Closed
Description
Bug description
While testing #933 i have seen some errors (empty crops / non utf-8 strings / and so on)
We need to filter some invalid files/annotations
- ensure all ready to use datasets works fine with eval_detection eval_recognition scripts (TF and PT)

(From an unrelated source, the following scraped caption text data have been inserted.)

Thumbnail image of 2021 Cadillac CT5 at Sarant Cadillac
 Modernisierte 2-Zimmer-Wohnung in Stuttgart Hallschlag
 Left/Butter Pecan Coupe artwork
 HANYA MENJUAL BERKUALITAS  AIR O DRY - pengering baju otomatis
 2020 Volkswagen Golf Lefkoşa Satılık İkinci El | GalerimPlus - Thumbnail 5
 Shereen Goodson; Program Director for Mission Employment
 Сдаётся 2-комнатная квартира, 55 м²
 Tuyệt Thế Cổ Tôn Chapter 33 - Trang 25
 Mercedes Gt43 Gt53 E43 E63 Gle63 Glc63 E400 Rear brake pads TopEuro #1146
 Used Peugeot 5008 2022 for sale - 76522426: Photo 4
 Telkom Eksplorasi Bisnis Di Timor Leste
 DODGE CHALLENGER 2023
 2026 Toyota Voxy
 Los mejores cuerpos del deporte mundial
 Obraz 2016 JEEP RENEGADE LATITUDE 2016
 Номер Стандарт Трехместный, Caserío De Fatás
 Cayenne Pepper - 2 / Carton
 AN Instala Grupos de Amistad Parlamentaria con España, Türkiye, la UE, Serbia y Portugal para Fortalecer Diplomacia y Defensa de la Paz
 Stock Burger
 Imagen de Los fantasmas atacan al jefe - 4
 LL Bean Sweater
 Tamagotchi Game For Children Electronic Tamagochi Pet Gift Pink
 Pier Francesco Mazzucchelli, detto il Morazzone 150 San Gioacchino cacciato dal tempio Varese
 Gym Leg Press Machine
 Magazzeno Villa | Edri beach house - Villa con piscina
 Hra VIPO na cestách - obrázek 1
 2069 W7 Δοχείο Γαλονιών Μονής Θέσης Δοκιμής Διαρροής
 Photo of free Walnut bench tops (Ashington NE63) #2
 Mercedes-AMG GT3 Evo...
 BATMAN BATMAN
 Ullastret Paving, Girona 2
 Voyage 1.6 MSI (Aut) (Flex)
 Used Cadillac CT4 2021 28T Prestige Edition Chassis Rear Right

- unify recognition part with recognition dataset / word generator to return string directly instead of {labels: ['string']} update reco datasets and tests #954
detection:
- CORD (PT/TF) [datasets] update IC / SROIE / FUNSD / CORD #983
- FUNSD (PT/TF) [datasets] update IC / SROIE / FUNSD / CORD #983
- IC03 (PT/TF) [datasets] update IC / SROIE / FUNSD / CORD #983
- IC13 (PT/TF) validated by: @felixdittrich92
- IIIT5K (PT/TF) validated by: @felixdittrich92
- IMGUR5K (PT/TF) validated by: @felixdittrich92
- SROIE (PT/TF) [datasets] update IC / SROIE / FUNSD / CORD #983
- SVHN (PT/TF) validated by: @felixdittrich92
- SVT (PT/TF) [Fix] SVT dataset: clip box values and add shape and label check #955
- SynthText (PT/TF) validated by: @felixdittrich92
recognition:
- MJSynth (PT/TF) [Fix] MJSynth dataset: filter corrupted or missing images #956
- CORD (PT/TF) [datasets] update IC / SROIE / FUNSD / CORD #983
- FUNSD (PT/TF) [datasets] update IC / SROIE / FUNSD / CORD #983
- IC03 (PT/TF) [datasets] update IC / SROIE / FUNSD / CORD #983
- IC13 (PT/TF) validated by: @felixdittrich92
- IIIT5K (PT/TF) validated by: @felixdittrich92
- IMGUR5K (PT/TF) [datasets] Fix recognition parts of SynthText and IMGUR5K #1038
- SROIE (PT/TF) [datasets] update IC / SROIE / FUNSD / CORD #983 (NOTE: 99% contains whitespaces exluding not possible)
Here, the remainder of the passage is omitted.